In reflecting on these three terms, selichah, mechilah and kapparah, they are often thought of simply as synonyms of forgiveness.

But trying to focus on their specific meanings in the context of the judgment of the Heavenly Court and how they are used in the liturgy of Rosh Hashanah and Yom Kippur suggests that they are actually three different and distinct requests which apply to different circumstances.

In particular, when considering the conclusion of the confession of Yom Kippur which speaks of the סלחן לישראל and the מחלן לשבטי ישרון, the first two categories.
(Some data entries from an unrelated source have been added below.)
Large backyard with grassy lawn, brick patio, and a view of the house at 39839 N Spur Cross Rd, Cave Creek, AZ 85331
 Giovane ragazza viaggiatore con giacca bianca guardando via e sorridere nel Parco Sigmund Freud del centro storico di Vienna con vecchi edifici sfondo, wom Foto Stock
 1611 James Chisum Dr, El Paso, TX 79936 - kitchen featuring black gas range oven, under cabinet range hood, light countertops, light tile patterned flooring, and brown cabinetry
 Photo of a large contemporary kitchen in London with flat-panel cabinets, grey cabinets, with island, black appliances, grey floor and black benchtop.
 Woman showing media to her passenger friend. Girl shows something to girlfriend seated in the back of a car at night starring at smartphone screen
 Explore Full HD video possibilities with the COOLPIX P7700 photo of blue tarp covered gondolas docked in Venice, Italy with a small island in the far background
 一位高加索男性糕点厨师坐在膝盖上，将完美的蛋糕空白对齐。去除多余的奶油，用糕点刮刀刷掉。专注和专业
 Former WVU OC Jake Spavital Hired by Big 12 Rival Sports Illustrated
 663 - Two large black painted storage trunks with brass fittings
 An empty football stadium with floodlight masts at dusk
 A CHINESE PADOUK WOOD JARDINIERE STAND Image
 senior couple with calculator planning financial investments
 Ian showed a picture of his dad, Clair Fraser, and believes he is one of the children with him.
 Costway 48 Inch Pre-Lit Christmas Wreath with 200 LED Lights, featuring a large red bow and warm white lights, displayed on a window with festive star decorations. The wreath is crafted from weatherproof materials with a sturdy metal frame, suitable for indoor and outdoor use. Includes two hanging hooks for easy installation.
But then goes further requesting no suffering, afflictions or severe illnesses, which would suggest a connection to kapparah.

How are we to understand the meaning of what we are asking from G-d, the Creator of us all?


3 Answers 3


The Shaloh explains that they're increasing level of forgiveness corresponding to decreasing levels of sinfulness:

כפרה לחטאים. ומחילה לעונות. וסליחה לפשעים

שחטא הוא השוגג מתפללים שימחקם לגמרי כאלו לא היו מעולם. וזה ל' כפרה כמו אכפרה פניו וגו'. ומחילה לעון כי שם נשאר שום רושם. וסליחה שהיא אריכות אף לפושעים הם המורדים כי עליהם יום הכפורים תולה

For חטא, which is an inadvertent sin, we pray that He should erase them completely, like they never happened. This is [indicated by] the term כפרה, similar to "I will appease him." (Genesis 32:21) [The weaker term] מחילה corresponds to עון, because it leaves some trace behind. סליחה connotes clemency to פושעים, the wanton sinners, because Yom Kippur only suspends [judgement] for them.

  • You might want to write this in translation and maybe give some illustrations. But it’s a good start. Jun 12, 2023 at 22:58
  • I added my own translation. The illustrations I'll leave to illustrators.
    – shmosel
    Jun 12, 2023 at 23:49
  • 1
    😂 I didn’t mean pictures. I meant examples! You’re funny. Jun 12, 2023 at 23:51
  • I’ve also been reflecting on different circumstances related to transgression like in a courtroom. There are those who are law abiding, but err in judgment. They believe they were justified in their choice. There are also those who know they are transgressing but are compelled for a variety of reasons. Finally, there are those who are in rebellion. They neither care, nor believe they are wrong. By court judgement they have no defense. For them, the only recourse is to be held harmless at the mercy of the court. In this sense, כפרה is like כפרת, to cover something from being seen. Jun 13, 2023 at 0:13
  • @YaacovDeane Interesting, but that's the opposite of my quote.
    – shmosel
    Jun 13, 2023 at 0:20

In the back of the Artscroll Machzor on Yom Kippur (p.860) on the part of vidui where we read:

ועל כֻּלָּם אֱלֽוֹהַּ סְלִיחוֹת. סְלַח לָֽנוּ. מְחַל לָֽנוּ. כַּפֶּר לָֽנוּ

And for all of these, G-d of pardon, pardon us, forgive us, grant us atonement.

It writes as follows:

This is a progression from a smaller to a greater degree of forgiveness. סלח, forgive us, i.e. give up the right to punish us, מחל, pardon us, i.e. do not even harbour resentment or ill will against us; and כפר, atone for us, i.e. remove any effects of our sin as if we had never committed them. (Abarbanel)

According to Malbim and R' Hirsch, these terms go from a greater degree of forgiveness to a smaller degree. סלח connotes total forgiveness; מחל means a permanent waiver of the right to punish, even though the sin has not been completely forgiven; כפר - from כפרה, cover - implies only that the sin is hidden from sight, so that the punishment is suspended temporarily.

In Pathway to Prayer by Rabbi Mayer Birnbaum he adopts the first approach, and translates it as:

סְלַח לָֽנוּ - Forgive us for the sins themselves

מְחַל לָֽנוּ - Pardon us for the insult caused to Your Honor by our sins

כַּפֶּר לָֽנוּ - (and) atone for us as if they had never occurred.

  • I’m liking the development of this answer Dov. It occurs to me that in the disposition of a trial in court there two initial stages (charges and plea), followed by presentation of evidence and trial, and then the closing two stages, the judgement and the sentencing. Judgement is the status of the accused after presentation of evidence (guilt or innocence). Sentencing is the determination of penalties and restitution that may be applied to one who is found guilty. How does this apply to the question? Jun 14, 2023 at 23:31
  • Different nuschaot have different orders for those three words in the different places they appear in the liturgy.
    – Double AA
    Jun 15, 2023 at 12:50

Selicha—forgiveness, not only in regards to punishment, but the sin itself.

Mechila—annulment of debt. Completely as if wrongdoing never happened.

Kapara—retribution. Taking payment for the debt. Punishment to result in forgiveness.